E dire che aveva recitato con Federico Fellini, “La voce della luna”, Ermanno Olmi, “Il segreto del bosco vecchio”, Mario Monicelli, “Brancaleone” e “Cari fottutissimi amici”.
Diversa la prova letteraria, con i libri dedicati a “Fantozzi”, dove in terza persona porta gli italiani nello stesso territorio paludoso, l’ingiustizia sociale ma anche la carogneria dei subalterni pur di non perdere posizioni nel quadrato del lavoro.
Meglio di lui ha fatto sicuramente Alberto Sordi, che però si è limitato al cinema, l’amico Vittorio Gassman e in genere gli eletti di quella commedia all’italiana che aveva descritto in modo impietoso l’Italia prima, durante e dopo il boom.
Quell’Italia, o meglio dire Genova, che invece l’impiegato Paolo Villaggio vive da impiegato nel grande alveo delle partecipazioni statali.
È lì che nascono i suoi discutibili ma simpaticissimi eroi.
Villaggio, che è stato uno splendido “Avaro” di Molière a teatro, che nel 1992 ha ricevuto il Leone d’oro alla carriera, e che tutti ricordano come un uomo che non passava di certo inosservato, aveva una predilezione artistica per il quasi fratello Fabrizio De Andrè.
Erano cresciuti insieme alla Foce, con Faber scrive le parole “Carlo Martello ritorna dalla battaglia di Poitiers”, e rimangono legati da quell’amore-repulsione per Genova quasi scontato in tanti transfughi.
Uno è anarchico, Villaggio è un libertario incerto fra la sinistra e i radicali.
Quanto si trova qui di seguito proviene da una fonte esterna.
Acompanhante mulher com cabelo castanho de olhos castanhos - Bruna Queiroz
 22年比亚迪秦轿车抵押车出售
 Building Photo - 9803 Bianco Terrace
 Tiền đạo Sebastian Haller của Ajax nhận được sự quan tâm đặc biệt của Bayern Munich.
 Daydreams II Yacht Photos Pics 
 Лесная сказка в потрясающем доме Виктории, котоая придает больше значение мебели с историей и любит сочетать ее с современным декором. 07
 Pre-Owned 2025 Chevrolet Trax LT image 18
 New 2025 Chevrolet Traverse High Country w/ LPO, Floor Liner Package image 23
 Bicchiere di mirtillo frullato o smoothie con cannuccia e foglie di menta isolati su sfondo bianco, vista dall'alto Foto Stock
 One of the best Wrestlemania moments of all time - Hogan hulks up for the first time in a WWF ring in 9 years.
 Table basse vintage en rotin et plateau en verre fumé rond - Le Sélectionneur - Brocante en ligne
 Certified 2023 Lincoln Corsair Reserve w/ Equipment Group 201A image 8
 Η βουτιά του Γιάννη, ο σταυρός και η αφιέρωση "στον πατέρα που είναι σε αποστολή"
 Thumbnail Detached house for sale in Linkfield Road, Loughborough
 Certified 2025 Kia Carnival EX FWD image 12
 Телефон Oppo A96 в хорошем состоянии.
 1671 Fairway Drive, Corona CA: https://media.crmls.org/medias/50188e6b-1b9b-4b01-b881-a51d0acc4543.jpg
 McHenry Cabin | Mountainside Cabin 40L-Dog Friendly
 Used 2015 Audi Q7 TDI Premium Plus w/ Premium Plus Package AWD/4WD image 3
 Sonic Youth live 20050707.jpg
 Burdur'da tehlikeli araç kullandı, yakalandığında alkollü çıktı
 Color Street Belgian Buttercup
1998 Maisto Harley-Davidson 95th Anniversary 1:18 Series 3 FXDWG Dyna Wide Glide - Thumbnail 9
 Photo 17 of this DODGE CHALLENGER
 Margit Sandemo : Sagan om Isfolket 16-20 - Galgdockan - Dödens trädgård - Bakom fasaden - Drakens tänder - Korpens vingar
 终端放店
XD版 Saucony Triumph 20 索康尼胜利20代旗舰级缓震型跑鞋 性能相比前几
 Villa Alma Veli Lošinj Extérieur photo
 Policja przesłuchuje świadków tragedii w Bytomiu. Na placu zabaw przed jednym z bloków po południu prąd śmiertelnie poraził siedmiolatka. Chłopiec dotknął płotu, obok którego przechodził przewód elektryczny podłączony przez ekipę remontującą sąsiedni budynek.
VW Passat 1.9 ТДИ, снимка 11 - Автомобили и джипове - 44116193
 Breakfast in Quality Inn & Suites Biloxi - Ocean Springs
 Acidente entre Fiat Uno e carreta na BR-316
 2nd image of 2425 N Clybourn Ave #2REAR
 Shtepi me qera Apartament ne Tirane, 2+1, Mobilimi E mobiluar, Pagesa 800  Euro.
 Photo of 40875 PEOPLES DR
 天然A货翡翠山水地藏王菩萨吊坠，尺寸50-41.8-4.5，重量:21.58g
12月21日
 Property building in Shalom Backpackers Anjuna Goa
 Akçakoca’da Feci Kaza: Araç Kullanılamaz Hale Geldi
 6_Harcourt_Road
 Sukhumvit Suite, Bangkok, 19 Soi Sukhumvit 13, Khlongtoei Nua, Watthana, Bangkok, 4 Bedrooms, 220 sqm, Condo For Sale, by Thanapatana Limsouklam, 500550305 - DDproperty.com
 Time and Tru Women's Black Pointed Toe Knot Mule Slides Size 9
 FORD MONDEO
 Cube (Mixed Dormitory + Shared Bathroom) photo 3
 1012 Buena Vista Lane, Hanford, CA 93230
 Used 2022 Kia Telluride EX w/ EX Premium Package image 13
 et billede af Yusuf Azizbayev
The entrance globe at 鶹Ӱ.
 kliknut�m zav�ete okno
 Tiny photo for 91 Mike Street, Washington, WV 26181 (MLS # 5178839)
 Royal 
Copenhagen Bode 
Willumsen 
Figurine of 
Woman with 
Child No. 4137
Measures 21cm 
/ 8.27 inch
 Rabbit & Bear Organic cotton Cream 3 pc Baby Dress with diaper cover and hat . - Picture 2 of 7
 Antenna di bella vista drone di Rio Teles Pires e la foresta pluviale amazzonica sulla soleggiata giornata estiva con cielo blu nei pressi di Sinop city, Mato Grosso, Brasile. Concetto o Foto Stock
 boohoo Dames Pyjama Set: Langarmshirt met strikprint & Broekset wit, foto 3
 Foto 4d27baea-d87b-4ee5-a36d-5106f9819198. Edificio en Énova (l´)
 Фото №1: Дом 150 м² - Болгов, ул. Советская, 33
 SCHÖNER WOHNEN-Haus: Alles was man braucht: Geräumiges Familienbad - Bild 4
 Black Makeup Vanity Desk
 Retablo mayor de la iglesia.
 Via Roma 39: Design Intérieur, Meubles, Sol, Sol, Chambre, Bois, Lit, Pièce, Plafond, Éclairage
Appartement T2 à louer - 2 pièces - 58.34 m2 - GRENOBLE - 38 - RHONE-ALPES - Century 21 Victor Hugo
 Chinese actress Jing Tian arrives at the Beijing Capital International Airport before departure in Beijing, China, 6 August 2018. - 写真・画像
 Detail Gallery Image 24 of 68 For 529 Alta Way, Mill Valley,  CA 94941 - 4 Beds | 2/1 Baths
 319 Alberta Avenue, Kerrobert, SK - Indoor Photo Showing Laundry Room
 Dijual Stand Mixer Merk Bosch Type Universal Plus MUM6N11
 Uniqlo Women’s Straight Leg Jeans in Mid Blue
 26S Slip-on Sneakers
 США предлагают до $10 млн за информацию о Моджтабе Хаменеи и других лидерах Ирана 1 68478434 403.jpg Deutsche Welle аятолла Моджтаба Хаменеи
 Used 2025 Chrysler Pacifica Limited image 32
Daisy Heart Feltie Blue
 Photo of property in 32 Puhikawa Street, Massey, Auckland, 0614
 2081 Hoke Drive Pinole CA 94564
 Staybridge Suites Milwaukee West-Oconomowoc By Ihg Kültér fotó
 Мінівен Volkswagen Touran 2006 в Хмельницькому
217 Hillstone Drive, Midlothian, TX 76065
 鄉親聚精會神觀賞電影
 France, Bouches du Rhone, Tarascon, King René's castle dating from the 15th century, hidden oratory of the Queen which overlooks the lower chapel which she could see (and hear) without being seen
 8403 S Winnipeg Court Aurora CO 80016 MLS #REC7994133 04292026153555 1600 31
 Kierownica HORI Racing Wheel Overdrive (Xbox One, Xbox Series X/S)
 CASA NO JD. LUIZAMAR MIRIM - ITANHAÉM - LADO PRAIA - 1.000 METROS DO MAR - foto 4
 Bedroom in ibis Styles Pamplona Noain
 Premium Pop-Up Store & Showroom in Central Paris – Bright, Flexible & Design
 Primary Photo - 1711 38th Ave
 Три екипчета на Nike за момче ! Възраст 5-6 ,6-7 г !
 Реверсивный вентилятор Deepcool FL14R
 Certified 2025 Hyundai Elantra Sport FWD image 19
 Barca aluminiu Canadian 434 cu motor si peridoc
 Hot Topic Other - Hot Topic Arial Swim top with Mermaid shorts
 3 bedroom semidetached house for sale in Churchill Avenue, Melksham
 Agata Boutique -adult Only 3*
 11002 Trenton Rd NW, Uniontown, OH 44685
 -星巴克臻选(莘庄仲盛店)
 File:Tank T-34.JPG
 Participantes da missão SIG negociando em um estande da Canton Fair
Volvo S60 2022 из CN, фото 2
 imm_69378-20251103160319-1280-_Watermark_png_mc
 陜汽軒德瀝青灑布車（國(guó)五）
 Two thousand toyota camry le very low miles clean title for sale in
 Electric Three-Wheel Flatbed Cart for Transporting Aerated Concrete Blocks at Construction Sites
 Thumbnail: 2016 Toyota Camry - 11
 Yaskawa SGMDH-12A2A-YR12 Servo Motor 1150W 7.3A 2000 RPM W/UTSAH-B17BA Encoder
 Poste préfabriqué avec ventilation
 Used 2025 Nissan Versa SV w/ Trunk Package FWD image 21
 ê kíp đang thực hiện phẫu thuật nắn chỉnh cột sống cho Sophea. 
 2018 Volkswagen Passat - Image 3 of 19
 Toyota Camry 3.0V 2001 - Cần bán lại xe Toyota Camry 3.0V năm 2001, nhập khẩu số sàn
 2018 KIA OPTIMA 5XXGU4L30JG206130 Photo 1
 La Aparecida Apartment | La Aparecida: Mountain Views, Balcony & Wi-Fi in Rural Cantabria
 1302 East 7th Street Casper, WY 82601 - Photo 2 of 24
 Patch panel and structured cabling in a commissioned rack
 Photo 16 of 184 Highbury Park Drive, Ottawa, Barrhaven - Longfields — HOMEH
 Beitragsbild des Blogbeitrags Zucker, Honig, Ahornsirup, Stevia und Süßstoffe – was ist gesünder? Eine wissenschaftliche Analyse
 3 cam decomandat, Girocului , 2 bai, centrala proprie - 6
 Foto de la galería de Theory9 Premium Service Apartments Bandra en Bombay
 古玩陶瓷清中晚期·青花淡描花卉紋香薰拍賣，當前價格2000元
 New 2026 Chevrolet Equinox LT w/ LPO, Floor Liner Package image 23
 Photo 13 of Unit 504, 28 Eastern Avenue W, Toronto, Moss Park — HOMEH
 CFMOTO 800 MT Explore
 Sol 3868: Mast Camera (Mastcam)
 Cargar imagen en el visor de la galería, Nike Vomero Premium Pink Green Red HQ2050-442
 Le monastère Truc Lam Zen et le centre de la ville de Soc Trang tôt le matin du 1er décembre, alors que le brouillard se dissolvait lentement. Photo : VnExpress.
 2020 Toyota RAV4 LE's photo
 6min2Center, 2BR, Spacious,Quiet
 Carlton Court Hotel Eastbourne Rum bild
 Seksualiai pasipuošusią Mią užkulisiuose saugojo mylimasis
Ma non è questo il punto.
Alla morte di De Andrè ne diventa, a modo suo, un custode della memoria.
Con il tempo, però, è evidente che la Genova dalla quale sono partiti non solo non esiste più, ma è rimasta orfana di idee e risorse che ne segnano il declino.
Villaggio, invece, era legato, quando ci tornava, a quel mondo che aveva prodotto le scorie, non gli anticorpi, sulle quali erano cresciuti Kranz, Fracchia e Fantozzi.
Di certo a ha fatto ridere e sorridere almeno tre generazioni.
Ma si torna al punto di partenza: l’Italia piange Villaggio o Fantozzi?